** TASK BRIEF **
Look through the entries below and copy exactly the part that begins with the line containing "BARK Jalapeno Puppers" and ends with the line containing "Jersey SHIFT White Label G.I FRO, Negro". Do not copy the pictures.

** ENTRIES SHOWN **
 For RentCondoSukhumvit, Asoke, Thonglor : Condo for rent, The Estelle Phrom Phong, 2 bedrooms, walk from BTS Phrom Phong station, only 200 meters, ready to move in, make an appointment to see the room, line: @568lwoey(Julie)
...
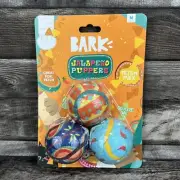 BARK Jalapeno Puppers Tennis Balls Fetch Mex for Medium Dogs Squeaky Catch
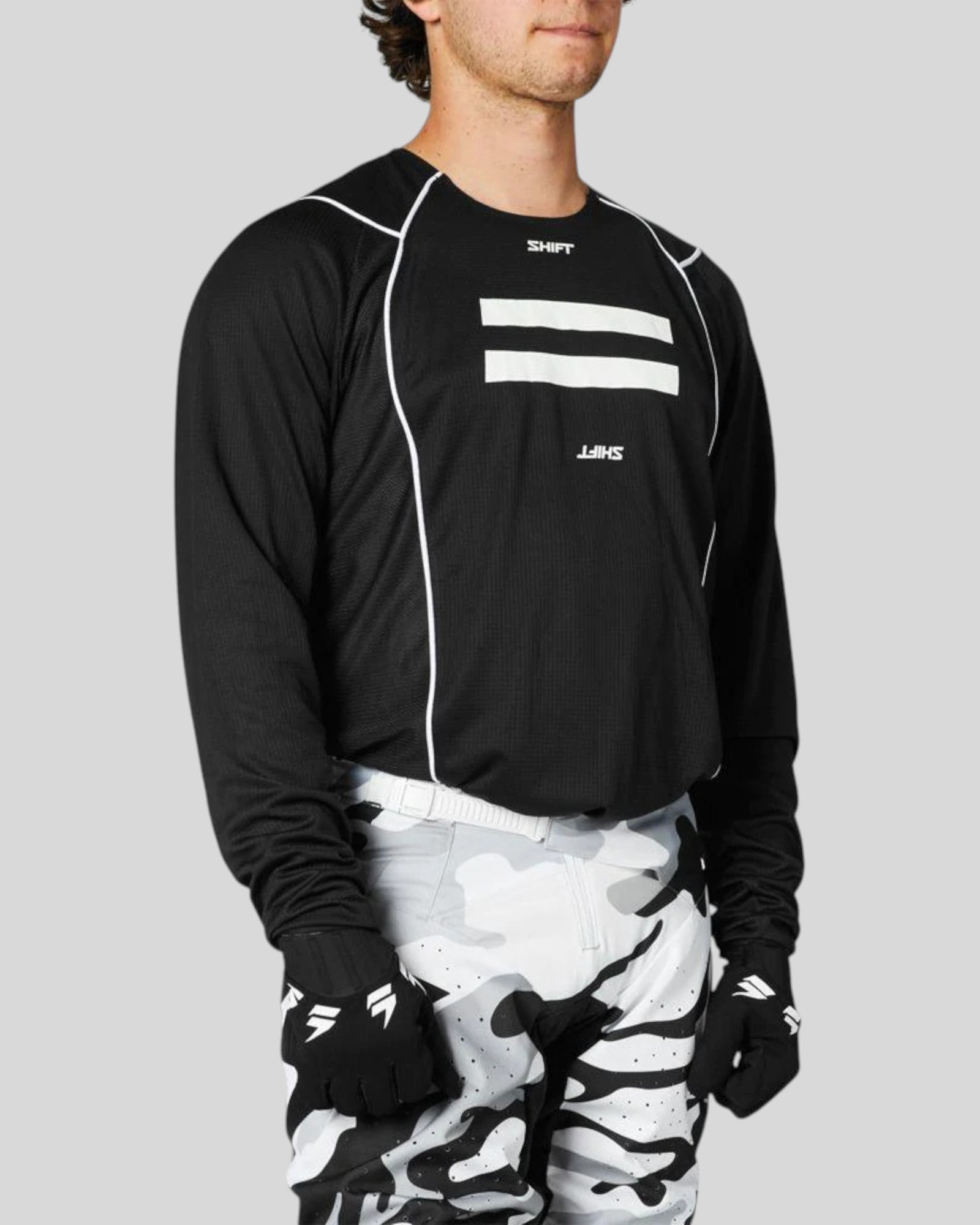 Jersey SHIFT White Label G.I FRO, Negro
--
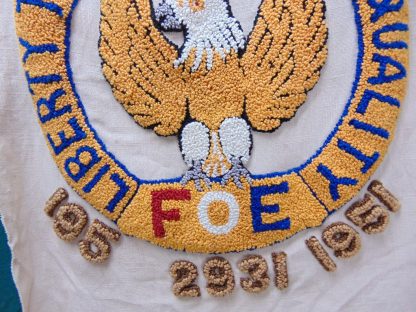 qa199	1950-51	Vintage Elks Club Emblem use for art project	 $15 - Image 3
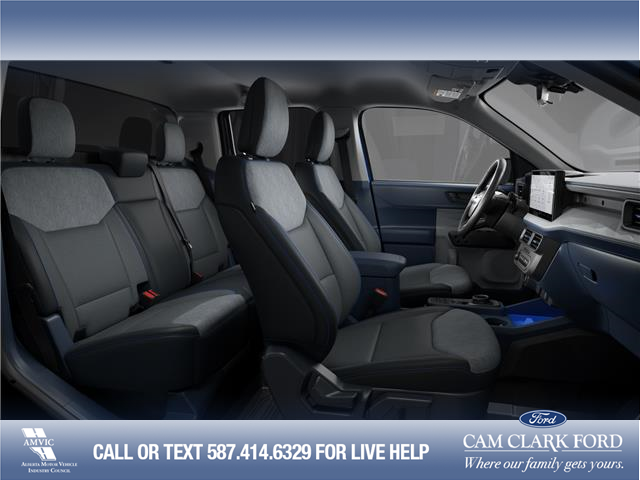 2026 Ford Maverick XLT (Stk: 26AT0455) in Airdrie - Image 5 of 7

** ANSWER BOX **
 BARK Jalapeno Puppers Tennis Balls Fetch Mex for Medium Dogs Squeaky Catch
 Jersey SHIFT White Label G.I FRO, Negro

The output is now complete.